* PROBLEM TO WORK ON *
What you return should be only the lines in the entries below between the one holding "Metal Wall Art" and the one holding "XUU 20G Flat", ends included, with every picture left out.

* DATASET EXCERPTS *

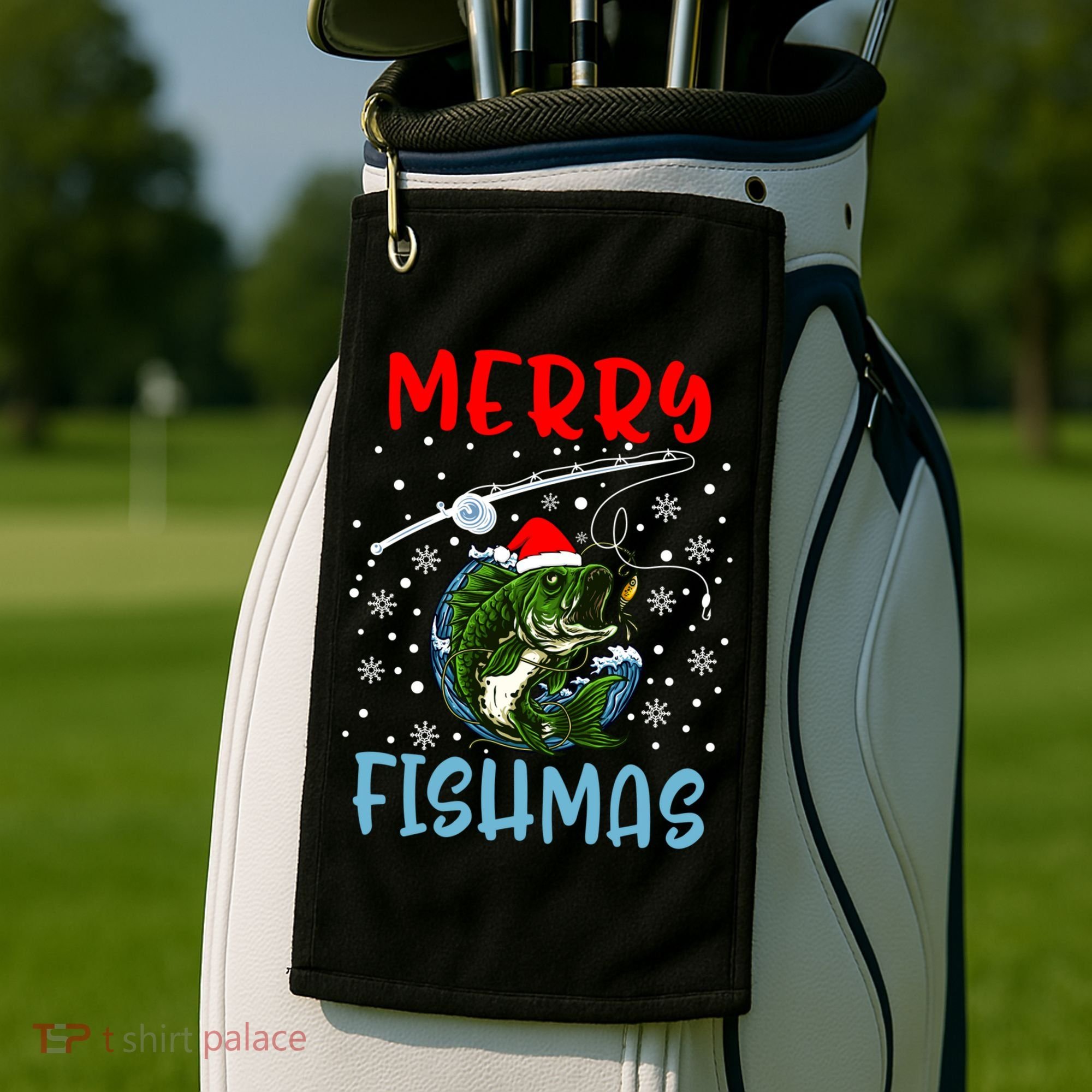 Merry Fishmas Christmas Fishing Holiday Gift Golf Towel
...
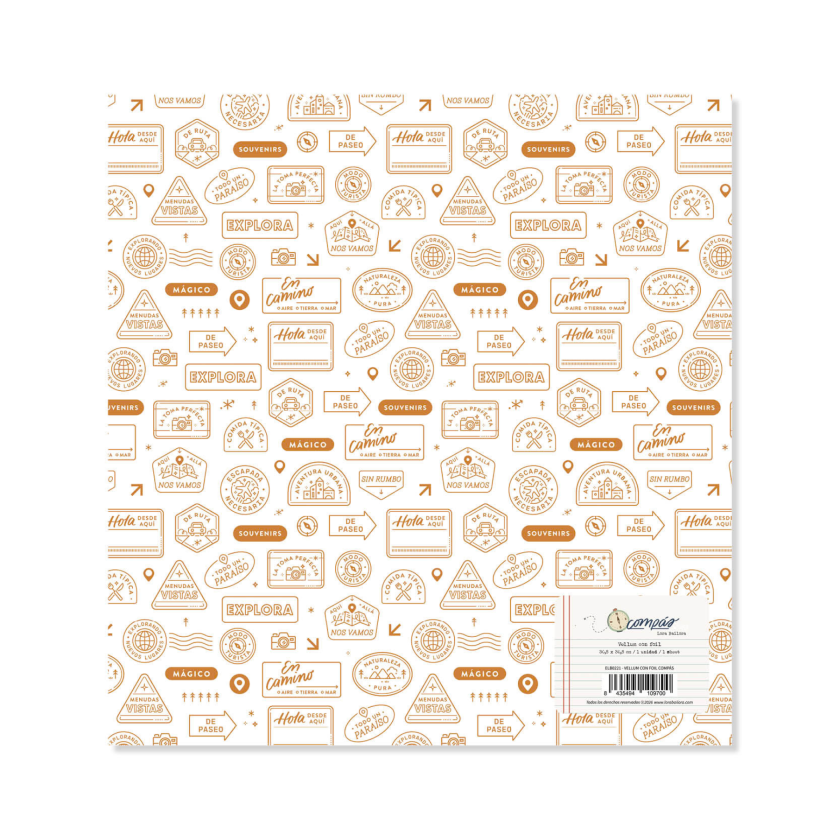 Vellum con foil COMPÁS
==
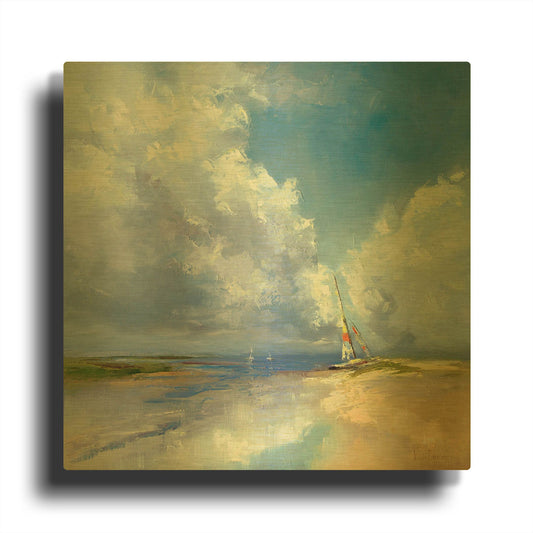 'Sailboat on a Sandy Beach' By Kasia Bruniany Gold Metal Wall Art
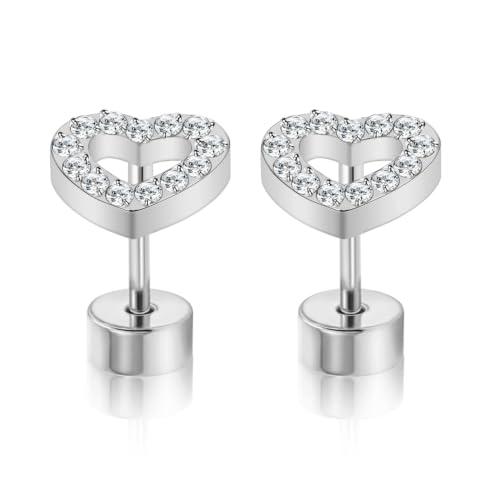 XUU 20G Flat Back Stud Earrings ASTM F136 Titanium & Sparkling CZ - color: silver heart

* RESULT OF THE TASK *
 'Sailboat on a Sandy Beach' By Kasia Bruniany Gold Metal Wall Art
 XUU 20G Flat Back Stud Earrings ASTM F136 Titanium & Sparkling CZ - color: silver heart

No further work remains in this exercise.